Figures from the finance ministry showed that tax receipts over the period 2011 to 2013 would be almost 39 billion euros (50 billion dollars) less than predicted last year.

Germany, quick to lecture Greece over its debt crisis, has considerable fiscal problems of its own that were exacerbated by its biggest recession since World War II last year when output shrank five percent.

Europe's biggest economy, now pressing for tougher European Union rules on deficits in light of the Greek turmoil, expects to borrow around 80 billion euros this year and to spend far more than it earns.

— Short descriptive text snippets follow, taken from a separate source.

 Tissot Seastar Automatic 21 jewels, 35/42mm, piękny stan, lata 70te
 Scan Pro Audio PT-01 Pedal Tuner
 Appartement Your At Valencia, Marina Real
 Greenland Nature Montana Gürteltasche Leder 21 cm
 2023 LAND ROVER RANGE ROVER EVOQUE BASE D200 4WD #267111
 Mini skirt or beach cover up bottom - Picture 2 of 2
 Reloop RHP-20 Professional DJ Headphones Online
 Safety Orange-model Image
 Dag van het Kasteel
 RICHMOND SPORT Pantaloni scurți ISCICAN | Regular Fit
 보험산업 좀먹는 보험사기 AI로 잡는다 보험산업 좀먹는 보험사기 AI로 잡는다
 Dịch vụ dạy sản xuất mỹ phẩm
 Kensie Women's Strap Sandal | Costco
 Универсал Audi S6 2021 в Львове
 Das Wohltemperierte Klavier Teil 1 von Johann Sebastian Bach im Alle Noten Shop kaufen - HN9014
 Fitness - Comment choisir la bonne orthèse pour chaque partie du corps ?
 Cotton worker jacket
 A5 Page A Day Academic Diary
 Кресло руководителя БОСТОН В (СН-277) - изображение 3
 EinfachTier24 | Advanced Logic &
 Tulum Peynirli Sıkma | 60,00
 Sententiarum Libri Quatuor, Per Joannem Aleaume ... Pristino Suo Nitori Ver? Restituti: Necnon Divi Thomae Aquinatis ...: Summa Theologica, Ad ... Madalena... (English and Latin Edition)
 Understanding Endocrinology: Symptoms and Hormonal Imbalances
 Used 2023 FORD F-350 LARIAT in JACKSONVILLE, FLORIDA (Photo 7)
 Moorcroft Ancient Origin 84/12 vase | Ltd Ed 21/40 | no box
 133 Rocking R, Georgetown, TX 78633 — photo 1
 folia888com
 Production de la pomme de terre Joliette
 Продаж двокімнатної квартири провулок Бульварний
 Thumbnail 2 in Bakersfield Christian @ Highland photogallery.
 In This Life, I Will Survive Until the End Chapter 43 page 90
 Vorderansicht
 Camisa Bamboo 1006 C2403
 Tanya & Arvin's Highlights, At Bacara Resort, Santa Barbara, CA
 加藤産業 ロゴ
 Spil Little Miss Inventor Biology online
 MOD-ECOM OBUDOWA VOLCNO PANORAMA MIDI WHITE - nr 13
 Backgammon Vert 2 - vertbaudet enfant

Its budget deficit is forecast by Brussels to reach some five percent of gross domestic output (GDP) this year, well above the three percent limit set out in the 27-nation bloc's fiscal rule book.

Greece, by comparison, is forecast to record a deficit of 9.3 percent of GDP, according to forecasts this week from the European Commission. Portugal's is seen at 8.5 percent and Spain's at 10.2 percent.

Merkel ditched her previous coalition partners in elections in September in favour of a tie-up with the pro-business Free Democrats (FDP), promising to alleviate taxpayers to the tune of 24 billion euros.

Merkel and her Finance Minister Wolfgang Schaeuble have indicated in recent weeks however that there will be no tax cuts before 2012. On Sunday a key state election could lose her coalition its majority in the upper house.